Agency loosed abalone threat
State Fish and Game officals say diease has not taken
hold of red abalone population despite 1995 mistake
July 12, 2001
By PAUL ENGSTROM
THE PRESS DEMOCRAT
State Department of Fish and Game officials admitted Wednesday they accidentally
contaminated wild red abalone along the North Coast with the same disease
that decimated the black abalone populations of Southern California.
Officials with the department said they have been closely monitoring the
health of Northern California's red abalone ever since they realized their
error in 1999.
Fish and Game officials said while the disease is not now taking hold
of red abalone beds along the North Coast, it does pose a significant
threat.
Tainted abalone seed were introduced to wild populations off the coasts
of Fort Bragg and Crescent City in 1995 during so-called outplant projects.
The environmentalist-endorsed projects were conducted to learn whether
depleted wild stocks of the prized catch could be buttressed with farm-raised
abalone.
But in 1999, officials discovered that the farm-raised abalone stock they
planted in the wild was contaminated with a bacteria called rickettsia-like
procaryote, or RLP, which causes withering syndrome in certain types of
abalone.
"In retrospect now, it does appear that some of those (seeds) were
infected," said Robert Hulbrock, aquaculture coordinator for Fish
and Game in Sacramento. He said the agency continues to sample wild abalone
between Crescent City and Bodega Bay to monitor the situation.
Though not harmful to humans, the infectious disease attacks black, pink
and red abalone and causes the mollusks to lose weight and eventually
die of starvation.
Hulbrock said withering syndrome has not so far been seen north of San
Francisco, adding that he's "cautiously optimistic" it won't
any time soon.
But he acknowledged that the true extent of the threat will remain unclear
until more studies are done.
The disease is best known for having decimated the black abalone populations
in Southern California in the 1980s, leading to the demise of the state's
commercial abalone industry.
Black abalone populations from San Diego to Cayucos had declined by as
much as 99 percent by 1998. The state imposed a partial ban that year
on shipments of abalone to and from Northern California hatcheries to
keep the disease from spreading northward.
Abalone can host the bacteria that causes withering syndrome, yet not
succumb to it.
Researchers at the department's Bodega Bay Marine Lab are studying the
possibility that North Coast red abalone haven't contracted withering
syndrome because coastal waters north of the Golden Gate are too cold
to permit the bacteria's infection of the mollusks.

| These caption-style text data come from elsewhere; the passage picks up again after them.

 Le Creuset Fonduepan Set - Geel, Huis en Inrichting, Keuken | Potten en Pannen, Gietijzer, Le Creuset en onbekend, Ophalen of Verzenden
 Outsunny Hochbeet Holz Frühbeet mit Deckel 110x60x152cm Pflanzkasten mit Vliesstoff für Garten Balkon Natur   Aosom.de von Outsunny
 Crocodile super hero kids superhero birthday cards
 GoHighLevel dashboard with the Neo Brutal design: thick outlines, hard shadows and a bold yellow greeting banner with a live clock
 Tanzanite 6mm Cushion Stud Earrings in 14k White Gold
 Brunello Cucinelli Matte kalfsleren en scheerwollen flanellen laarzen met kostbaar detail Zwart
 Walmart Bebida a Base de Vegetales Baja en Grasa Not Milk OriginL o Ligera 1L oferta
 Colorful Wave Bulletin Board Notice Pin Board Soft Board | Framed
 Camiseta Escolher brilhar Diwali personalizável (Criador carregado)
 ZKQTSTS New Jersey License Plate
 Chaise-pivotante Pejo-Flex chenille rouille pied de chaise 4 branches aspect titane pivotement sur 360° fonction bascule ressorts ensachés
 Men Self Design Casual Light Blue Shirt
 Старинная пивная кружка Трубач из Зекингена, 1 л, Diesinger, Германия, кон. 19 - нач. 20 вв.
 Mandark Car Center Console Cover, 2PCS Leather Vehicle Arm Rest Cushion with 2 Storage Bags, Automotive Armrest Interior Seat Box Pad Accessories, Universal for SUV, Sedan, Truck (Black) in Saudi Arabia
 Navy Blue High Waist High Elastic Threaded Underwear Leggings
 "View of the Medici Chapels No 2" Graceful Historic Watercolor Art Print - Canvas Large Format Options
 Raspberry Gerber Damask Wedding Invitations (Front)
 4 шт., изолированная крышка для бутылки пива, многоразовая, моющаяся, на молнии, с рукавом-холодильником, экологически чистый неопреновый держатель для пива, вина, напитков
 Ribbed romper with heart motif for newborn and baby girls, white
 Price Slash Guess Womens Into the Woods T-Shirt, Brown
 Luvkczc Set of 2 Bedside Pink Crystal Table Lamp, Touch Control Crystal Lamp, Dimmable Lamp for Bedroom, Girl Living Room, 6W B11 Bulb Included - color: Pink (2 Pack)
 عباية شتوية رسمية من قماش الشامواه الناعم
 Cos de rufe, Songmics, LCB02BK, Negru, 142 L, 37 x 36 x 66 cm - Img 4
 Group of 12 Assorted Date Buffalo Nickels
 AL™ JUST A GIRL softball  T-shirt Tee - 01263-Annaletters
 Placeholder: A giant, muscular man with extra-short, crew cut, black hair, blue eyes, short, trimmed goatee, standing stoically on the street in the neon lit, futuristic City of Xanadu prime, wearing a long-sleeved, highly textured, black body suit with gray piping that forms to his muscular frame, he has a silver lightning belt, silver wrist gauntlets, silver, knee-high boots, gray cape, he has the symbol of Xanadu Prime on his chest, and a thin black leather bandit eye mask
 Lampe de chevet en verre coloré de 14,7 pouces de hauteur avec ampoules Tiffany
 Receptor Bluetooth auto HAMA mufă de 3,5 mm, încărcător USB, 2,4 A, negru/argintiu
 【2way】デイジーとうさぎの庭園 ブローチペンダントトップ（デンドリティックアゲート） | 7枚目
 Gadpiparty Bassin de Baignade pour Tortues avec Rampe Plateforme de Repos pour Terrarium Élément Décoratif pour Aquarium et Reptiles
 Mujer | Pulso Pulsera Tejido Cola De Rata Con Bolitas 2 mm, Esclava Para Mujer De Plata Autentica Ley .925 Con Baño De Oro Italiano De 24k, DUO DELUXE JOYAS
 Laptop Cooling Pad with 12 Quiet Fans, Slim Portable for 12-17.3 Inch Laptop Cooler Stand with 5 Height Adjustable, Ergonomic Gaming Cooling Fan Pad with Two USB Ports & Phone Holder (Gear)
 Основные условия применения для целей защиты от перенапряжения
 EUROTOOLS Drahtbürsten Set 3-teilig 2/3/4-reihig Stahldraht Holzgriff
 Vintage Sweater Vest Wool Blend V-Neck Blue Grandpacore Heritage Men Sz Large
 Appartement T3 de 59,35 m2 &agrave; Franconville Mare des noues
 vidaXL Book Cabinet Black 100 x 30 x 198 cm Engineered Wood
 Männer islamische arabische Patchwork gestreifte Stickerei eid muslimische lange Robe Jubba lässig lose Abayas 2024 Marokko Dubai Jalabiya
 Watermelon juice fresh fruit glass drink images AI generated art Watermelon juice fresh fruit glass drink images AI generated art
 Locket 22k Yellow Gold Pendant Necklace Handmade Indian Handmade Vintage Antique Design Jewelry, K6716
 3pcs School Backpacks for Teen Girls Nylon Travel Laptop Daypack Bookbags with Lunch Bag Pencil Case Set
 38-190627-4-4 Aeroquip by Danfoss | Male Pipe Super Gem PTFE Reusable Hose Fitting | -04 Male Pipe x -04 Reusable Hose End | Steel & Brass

But they warn that the situation could change in the event of a water-warming
climate change, such as another El Niño event.
"We know that in warmer water, this organism causes severe damage,"
said Dallas Weaver, president of the Aquaculture Disease Advisory Committee
at the California Department of Fish and Game.
"But we don't know if it causes as much damage in the North -- if
any damage to speak of -- as in Southern California."
Last month, NASA scientists predicted another El Niño could be
as little as a year away.
Red abalone, which survive from the Marin County coastline north to the
Oregon border, are a favorite catch for sport divers from all over the
state, who have been coming to Sonoma and Mendocino counties since abalone
harvesting was banned south of the Golden Gate in 1997.
Mature mollusks generate significant tourism income for North Coast communities
during the state-sanctioned abalone diving season, which runs from April
through November with a monthlong break in July.
But Weaver said sport divers may unwittingly contribute to the spread
of RLP bacteria when they clean infected abalone and toss the waste back
into the ocean where it is eaten by uninfected abalone.
The threat of withering syndrome has already put a crimp in the operations
of North Coast aquaculture facilities that grow and sell the millimeters-long
abalone seed to abalone farms or grow the mollusks to maturity for market.